Seymour and Audrey reveal their feelings for one another in the splendid ballad "Suddenly, Seymour." For the first time, Audrey feels valued as a person rather than a sexual object. "You don’t need no makeup," Seymour sings to her, "Don’t have to pretend." It is the most heart-felt and emotionally real moment in the film, which makes the lovers’ downfall all the more tragic. Ironically, in the original version, Audrey’s transition from bombshell to "real" girl (she even puts on a white dress) spells her doom, a total reversal from the usual tropes of pulp fiction.

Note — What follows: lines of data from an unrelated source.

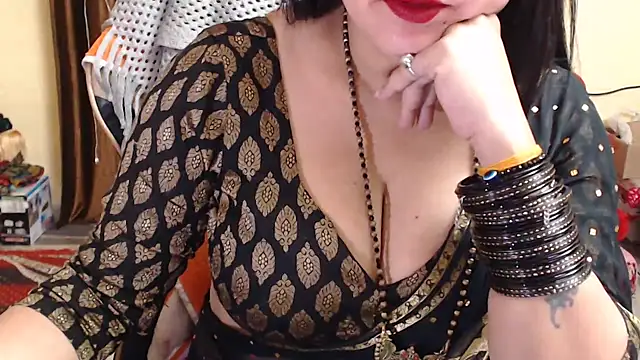 Naughty Kashish online show from February 1, 6:43 am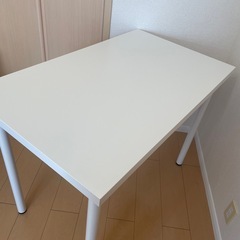お譲り先決まりました。【美品】イケア リンモン デスク の画像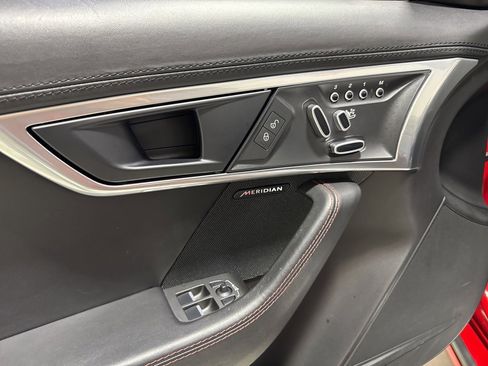 Used 2018 Jaguar F-TYPE Convertible image 18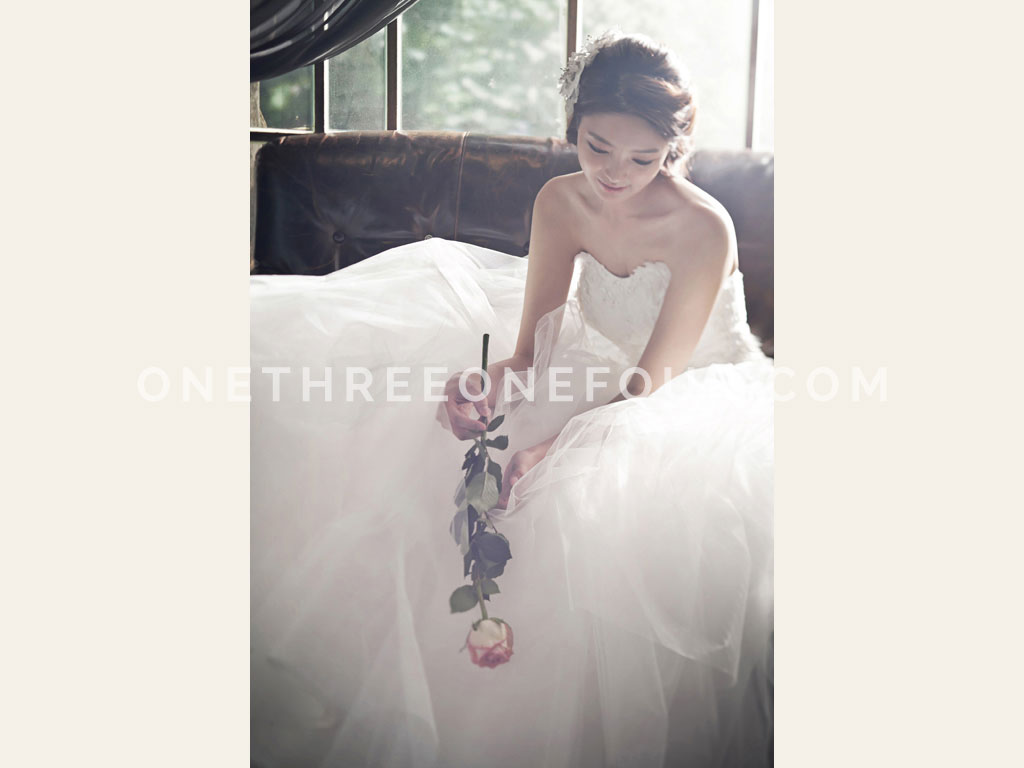 Renoir | Korean Pre-wedding Photography by Pium Studio on OneThreeOneFour 30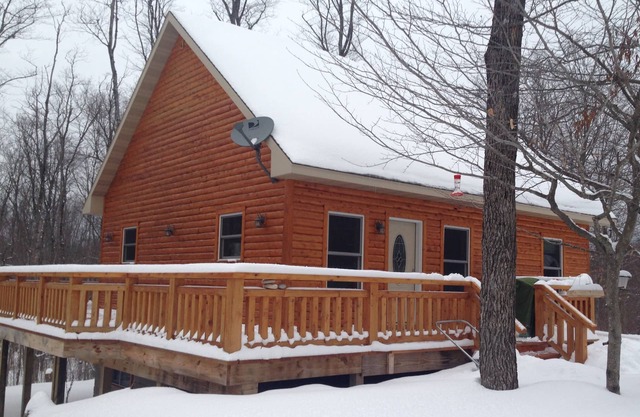 Harju Rd Cottage im familienfreundlichen Grand Marais, MI für den ganzjährigen Kurzurlaub!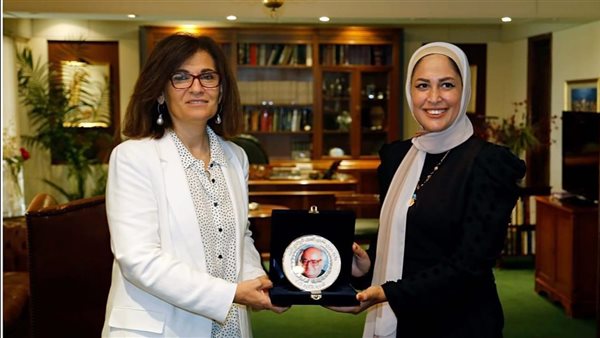 رحمة ضياء تتسلم جائزة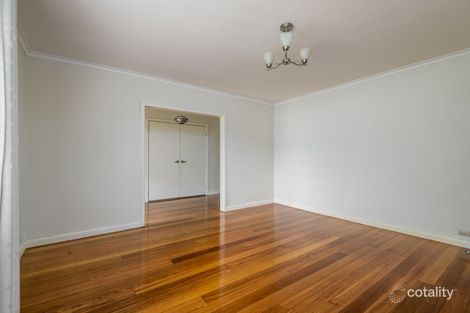 Property photo of 39 Wattle Grove Mulgrave VIC 3170
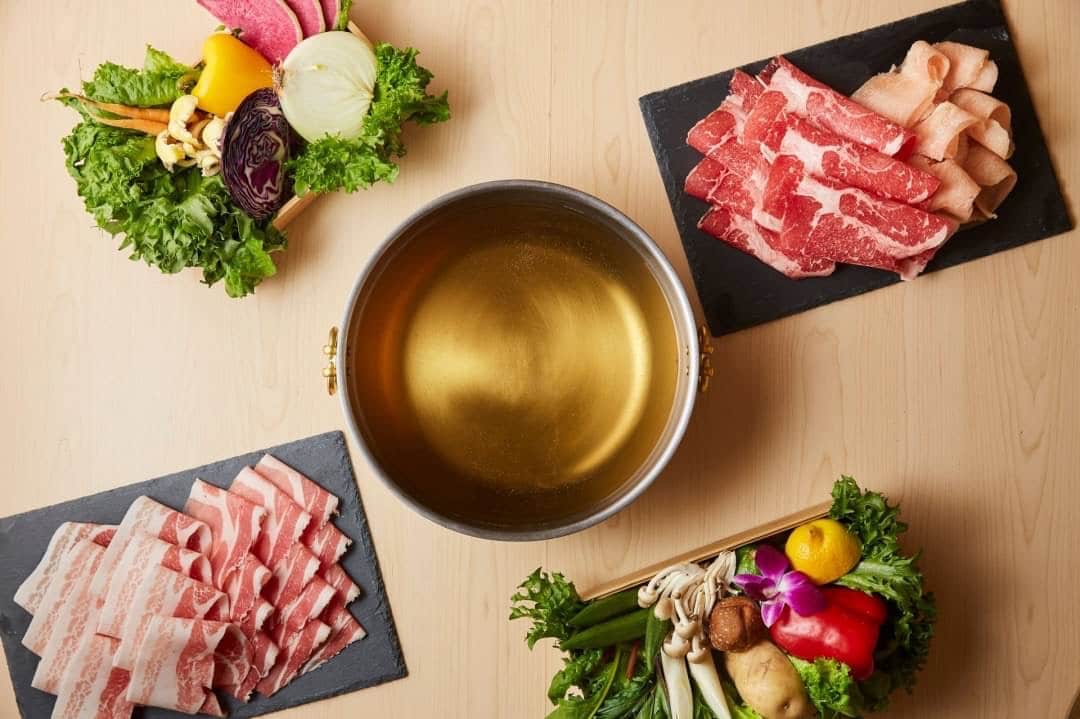 しゃぶしゃぶ集合⑩バラエティ 鍋を囲む牛・豚のスライスと鍋野菜|但馬屋食べ放題ランチ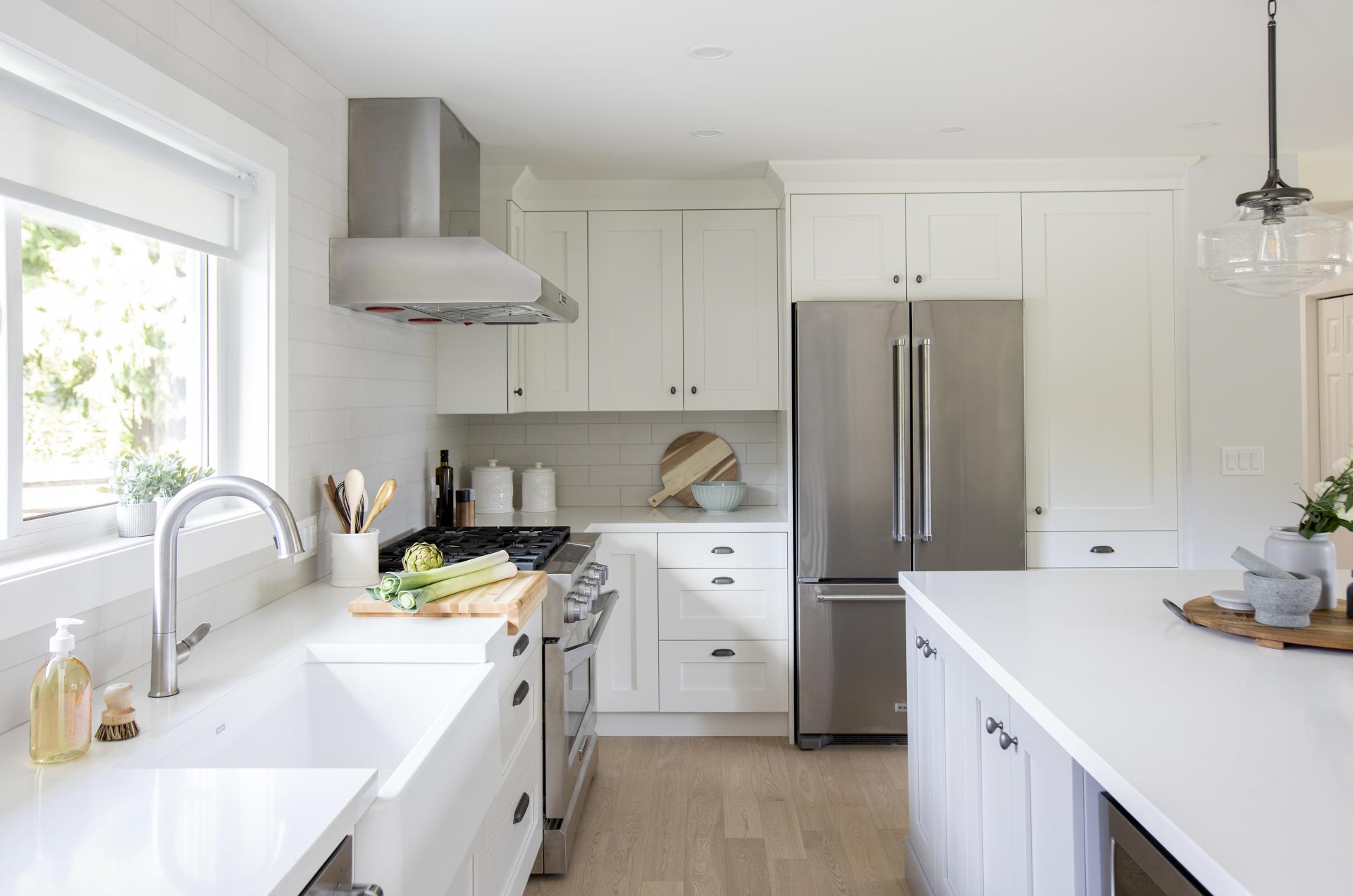 Love It or List It Vancouver Brushed Oak Cirrus Kentwood Flooring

Walking on air, Seymour confronts rude reality when Mushnik reveals that he saw Seymour dismembering the dentist’s body. He threatens to turn Seymour in to the police, and gives him the alternative of skipping town, but leaving behind the lucrative secret of the plant’s growth (having been fed, it is now eight feet high). As the chorus girls seductively croon "It’s suppertime," Seymour backs Mushnik into the plant’s reach, and he is gulped down like a canapé.
The punishing father figure thus disposed of, there is no one left in Seymour’s life but Audrey and her double - and one of them has to go. Like a closet homosexual, Seymour agonizes over how to live a "normal" life free from his shameful secret. Showered by offers of TV tie-ins and lecture tours, Seymour plans to elope with Audrey and leave the plant to wither. Like a jealous mistress, however, the plant is not to be abandoned so easily, and lures trusting Audrey into its clutches with a masher phone call. Caressing her suggestively, the plant pleads for water, but once in reach, it wraps its python-like vines around her and drags her towards its gaping trap. "Aw, relax, doll, and it'll be easier," it leers, like a rapist cajoling his victim.
In the released version, of course, Audrey is only shaken by the plant’s attack and lives to stand by her man. In the original ending, however, the fusion of Audrey and Audrey II is made explicit by the heroine’s dying request to be given to the plant. "If I’m in the plant, then I’m part of the plant, so in a way, we’ll always be together," she reasons. "You’ll wash my tender leaves," she sings, "You’ll smell my sweet perfume / You’ll water me and care for me / You’ll see me bud and bloom…" Seymour’s frustrated desires – his dirty little secrets – have taken over. The substitute has destroyed the original, completing the Mephistophelean bargain struck when Seymour offered the plant his blood and the name of his true love.
But Seymour must still confront his anima in the climactic rock number, "Mean Green Mother from Outer Space." By this point the plant is unabashedly malevolent, and unmistakably a monster female. (After eating Audrey, the plant’s mouth turns from purple to livid red, the color of passion, of blood, of fire.) The epithet "motherfucker" is shortened to just "mother;" the plant humiliates the nerd by pulling down his trousers, and even tries to geld him: "I’m gonna bust your balls!" it rages. The plant gives birth to tiny clones of itself and swallows poor, redundant Seymour, playing out every man’s (supposedly) worst fear: re-absorption into the all-devouring female.